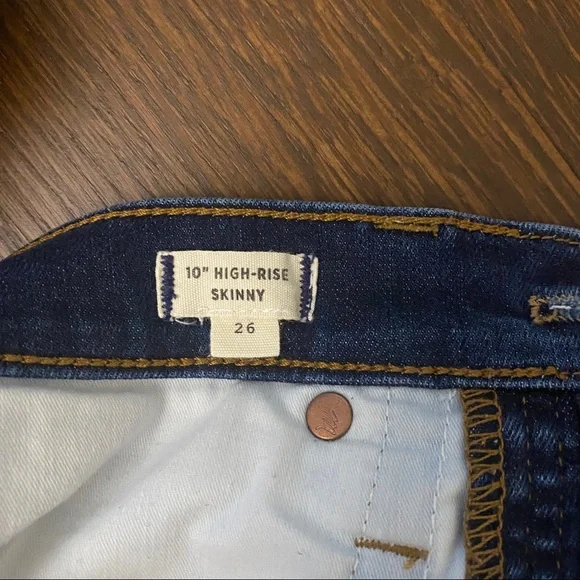 Madewell 10" High-Rise Skinny Jeans in Danny Wash: TENCEL™ Denim Edition Size 26 - Picture 10 of 11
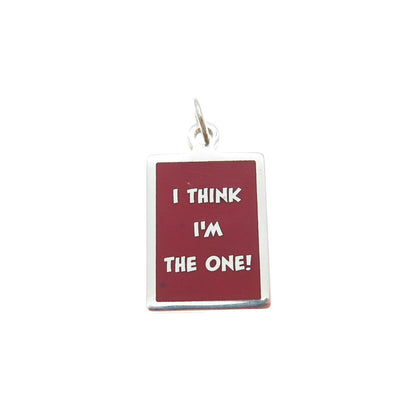 925 Sterling Silver Red Enamel I Think I'm The One Minimalist Charm Pendant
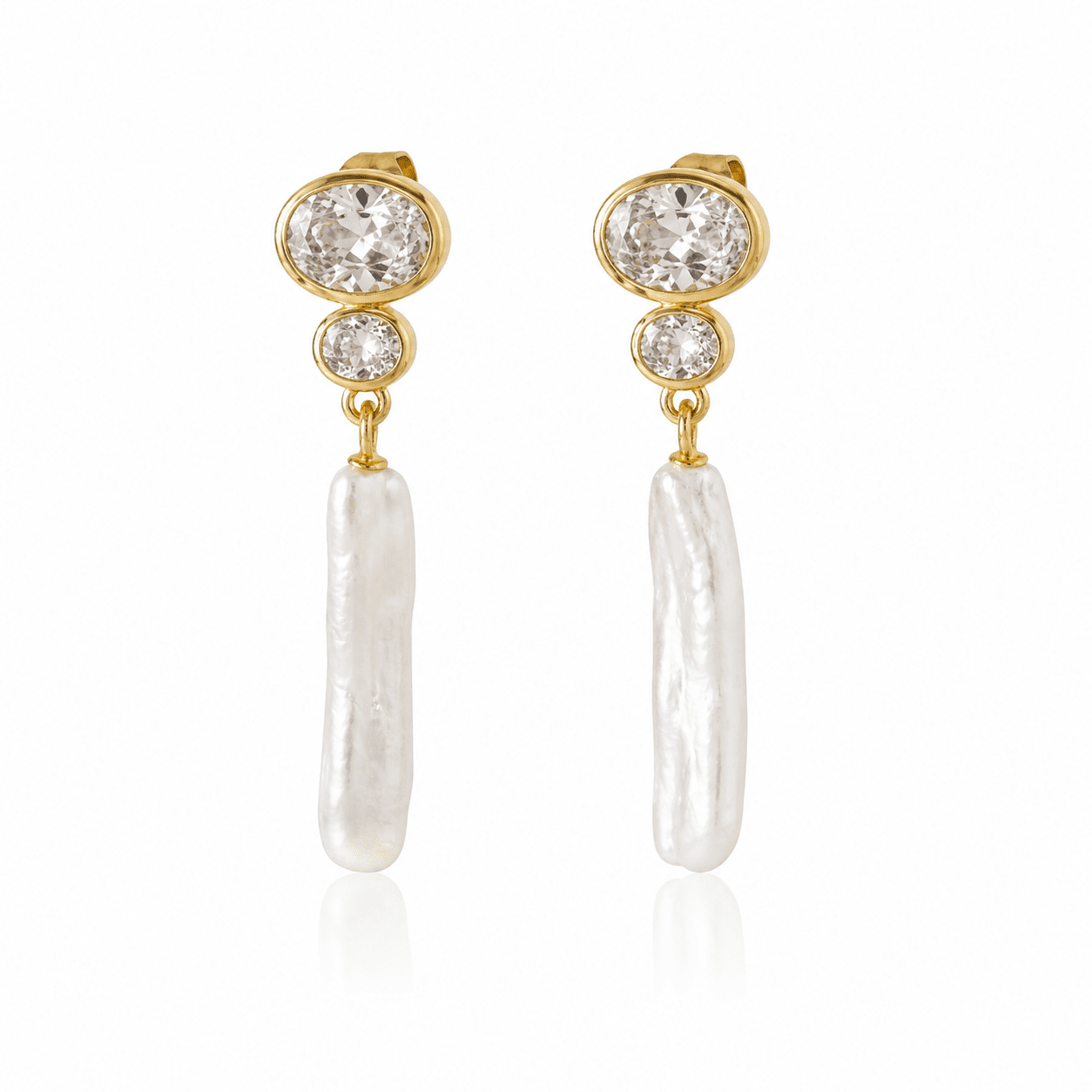 Sahira Jewelry Design - Iris Pearl Drop Earrings, Earrings, Sahira Jewelry Design, Plum Bottom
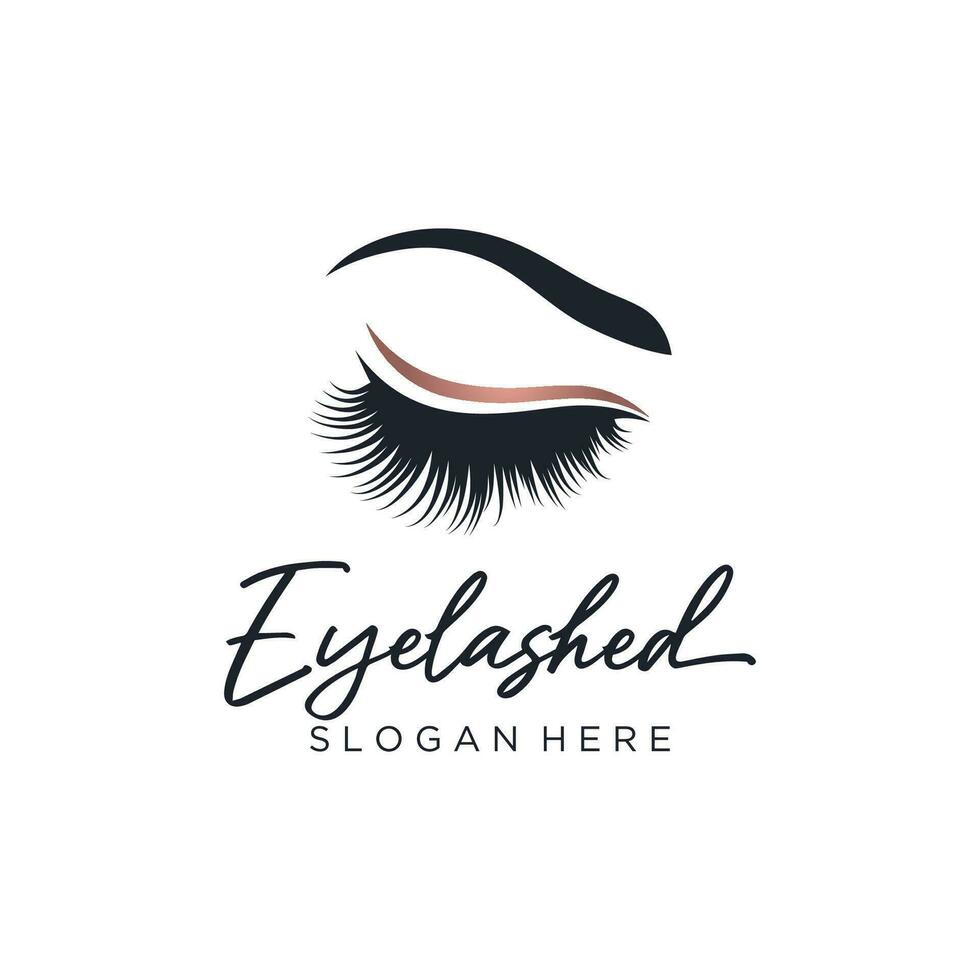 magnifique et luxueux et moderne aux femmes cils et les sourcils logo conception. logo pour entreprise, beauté salon, se maquiller, cil magasin. vecteur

> _Work order_: Would you return the data above exactly as written, minus the images?

> _Result_:
 Madewell 10" High-Rise Skinny Jeans in Danny Wash: TENCEL™ Denim Edition Size 26 - Picture 10 of 11
 925 Sterling Silver Red Enamel I Think I'm The One Minimalist Charm Pendant
 Sahira Jewelry Design - Iris Pearl Drop Earrings, Earrings, Sahira Jewelry Design, Plum Bottom
 magnifique et luxueux et moderne aux femmes cils et les sourcils logo conception. logo pour entreprise, beauté salon, se maquiller, cil magasin. vecteur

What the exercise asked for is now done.